**Activity**
All the lines below should appear again unchanged, though their pictures should not.

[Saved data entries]
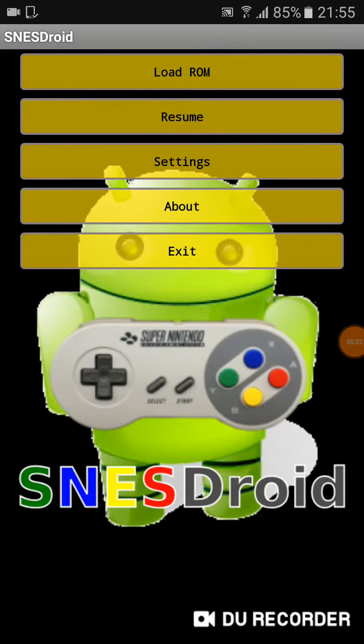Hi buddies! In this video I'm gonna show you a little bit about the SNS Droid, a Super Nintendo emulator — the best in my opinion. Simple, easy, and ad-free. I have it installed on my cell phone. If you want to download it, the link will be in the video description, so click on it to be redirected to the page where you can download it.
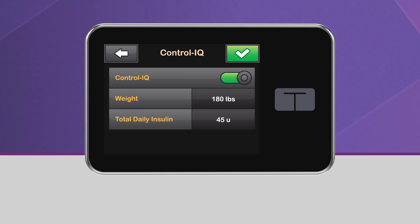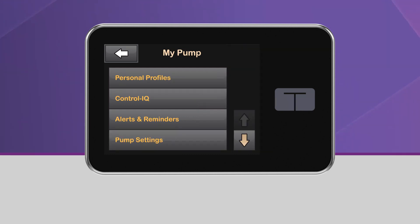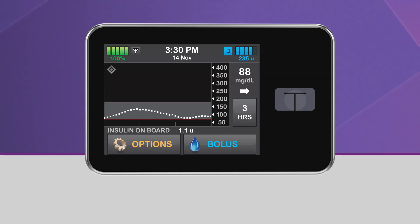Once you've entered your weight and total daily insulin values, tap the green checkmark to save your settings. Control IQ Technology is now on. Return to the home screen by tapping on the Tandem icon. You should now see the gray diamond icon in the upper left corner of the CGM graph. This indicates that Control IQ Technology has been successfully turned on.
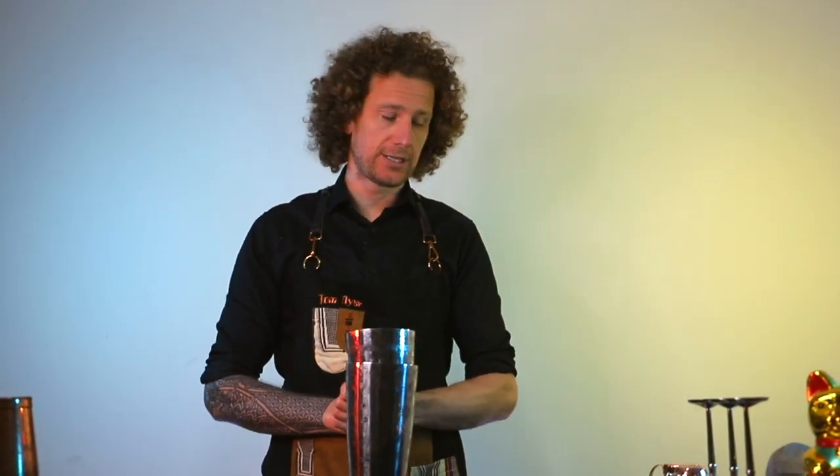Hi there, my name is Tom and this channel is dedicated to cocktails — making them, flipping them, rolling them, shaking them, whatever it may be. You're in the right place to learn how to make amazing drinks.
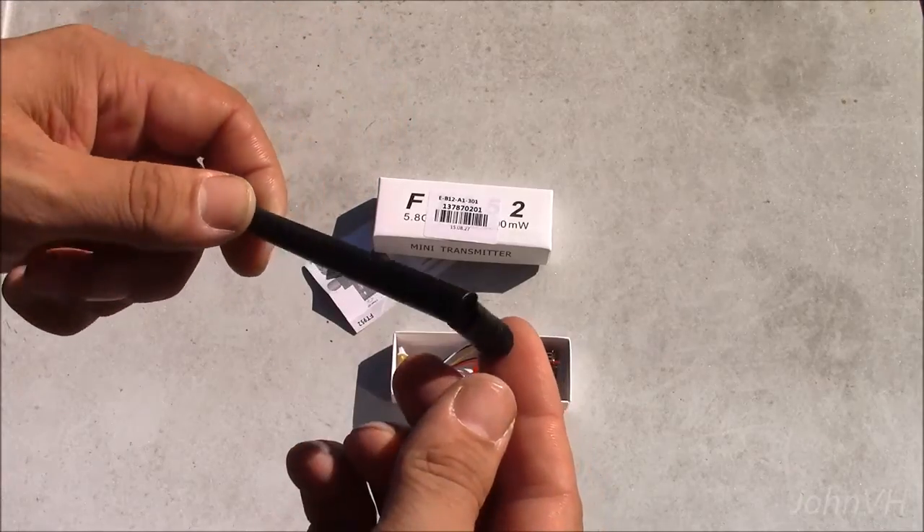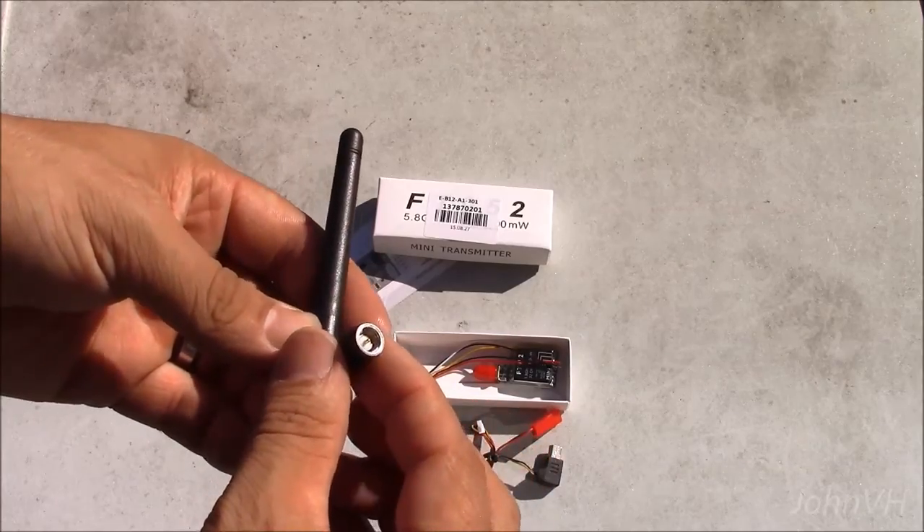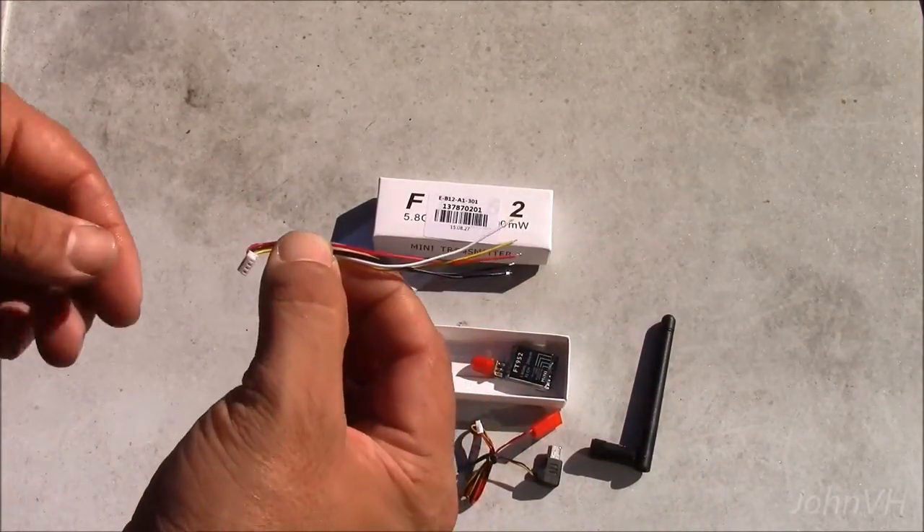You've got your average antenna that nobody uses — it's the RPSMA type. Got a blank one.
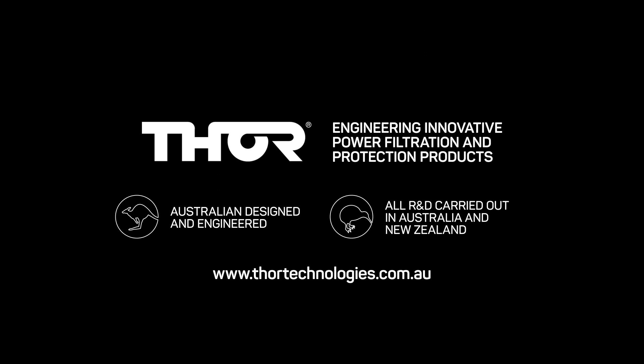Hopefully this exercise highlights the performance benefits your equipment can enjoy with the Thor and Wattbox products. The answer to the question is not Thor or Wattbox — it is Thor and Wattbox to provide the complete power solution.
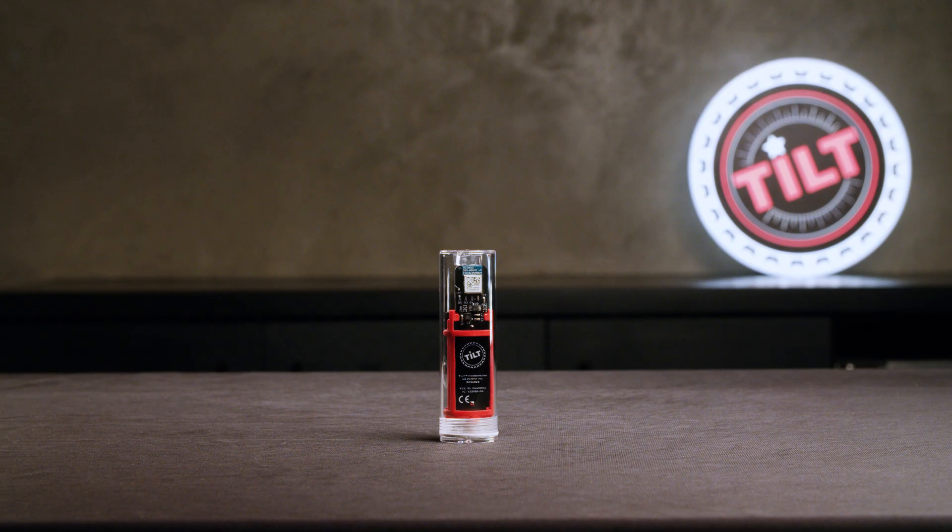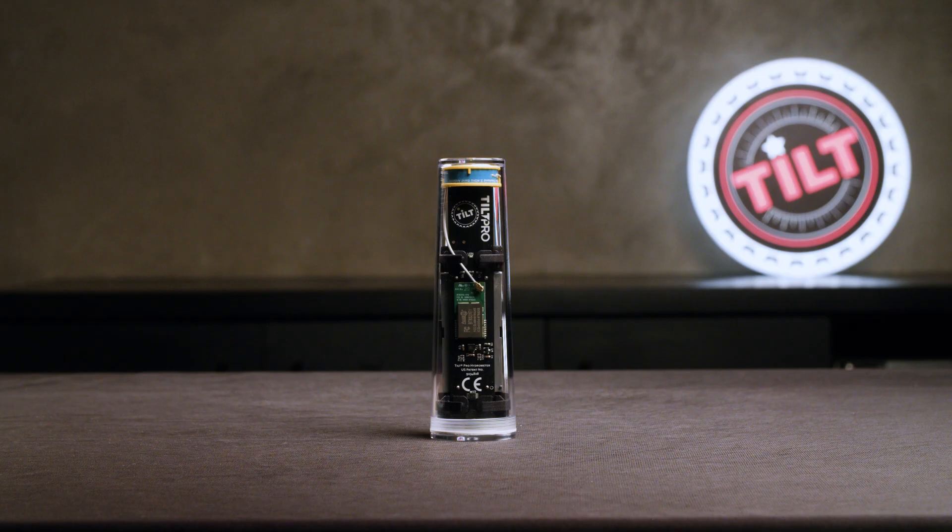Long story short, if you're looking to brew at home, the original Tilt is right for you. If you want to brew in thicker stainless steel vessels, go with the Tilt Pro. If you have any questions, please email us at info@barronbrew.com. Thanks for watching and happy brewing.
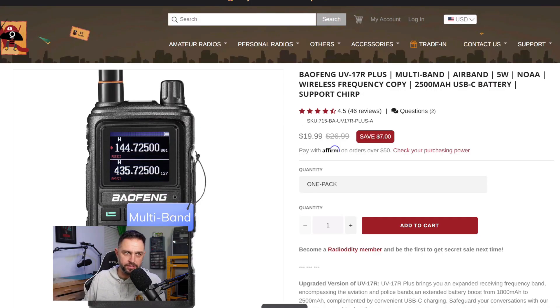Looking at the UV17R+, the SKU is UV17R+-A, and this one is UB17R+-BTA. So basically the difference between the UV17R+ and the UB7B is going to be a smaller battery and added Bluetooth capability. If you've seen a review video for the 17R+, this is essentially going to be the 17R+ plus Bluetooth.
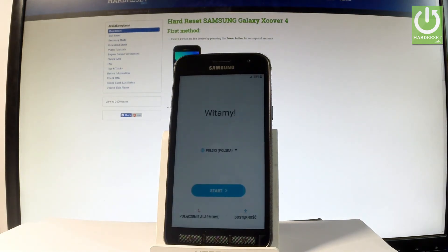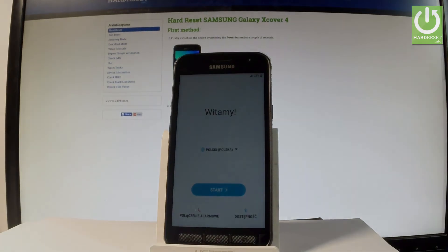Excellent — as you can see, the welcome panel just pops up on the screen, so it simply means that the hard reset operation is done. Thank you for watching. Please subscribe to our channel and leave a thumbs up under the video.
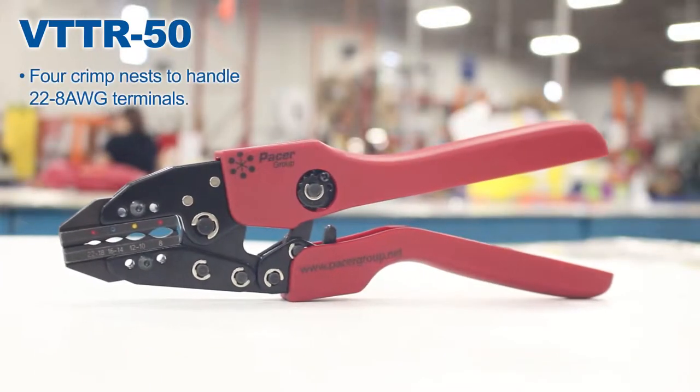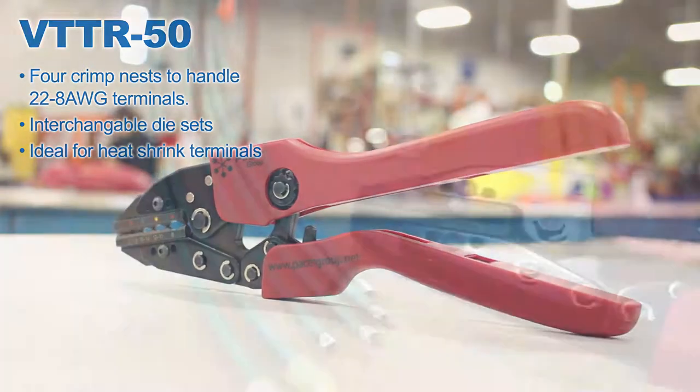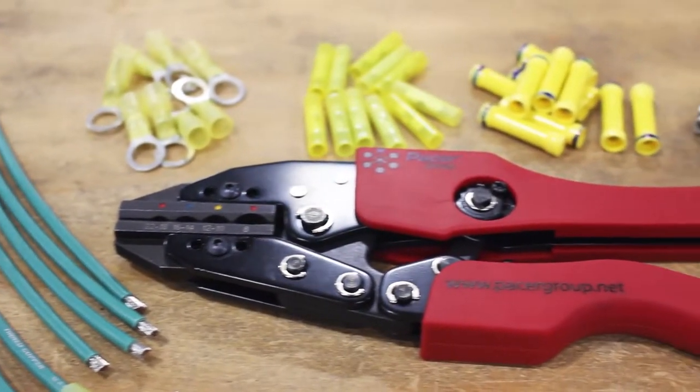The VTT-R50 handles 22 to 8 gauge terminals, has interchangeable die sets, and is ideal for heat shrink terminals. You can use it on nylon, vinyl, or even bare connectors.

**Solution for this exercise**
Hi buddies! In this video I'm gonna show you a little bit about the SNS Droid, a Super Nintendo emulator — the best in my opinion. Simple, easy, and ad-free. I have it installed on my cell phone. If you want to download it, the link will be in the video description, so click on it to be redirected to the page where you can download it.
Once you've entered your weight and total daily insulin values, tap the green checkmark to save your settings. Control IQ Technology is now on. Return to the home screen by tapping on the Tandem icon. You should now see the gray diamond icon in the upper left corner of the CGM graph. This indicates that Control IQ Technology has been successfully turned on.
Hi there, my name is Tom and this channel is dedicated to cocktails — making them, flipping them, rolling them, shaking them, whatever it may be. You're in the right place to learn how to make amazing drinks.
You've got your average antenna that nobody uses — it's the RPSMA type. Got a blank one.
Hopefully this exercise highlights the performance benefits your equipment can enjoy with the Thor and Wattbox products. The answer to the question is not Thor or Wattbox — it is Thor and Wattbox to provide the complete power solution.
Long story short, if you're looking to brew at home, the original Tilt is right for you. If you want to brew in thicker stainless steel vessels, go with the Tilt Pro. If you have any questions, please email us at info@barronbrew.com. Thanks for watching and happy brewing.
Looking at the UV17R+, the SKU is UV17R+-A, and this one is UB17R+-BTA. So basically the difference between the UV17R+ and the UB7B is going to be a smaller battery and added Bluetooth capability. If you've seen a review video for the 17R+, this is essentially going to be the 17R+ plus Bluetooth.
Excellent — as you can see, the welcome panel just pops up on the screen, so it simply means that the hard reset operation is done. Thank you for watching. Please subscribe to our channel and leave a thumbs up under the video.
The VTT-R50 handles 22 to 8 gauge terminals, has interchangeable die sets, and is ideal for heat shrink terminals. You can use it on nylon, vinyl, or even bare connectors.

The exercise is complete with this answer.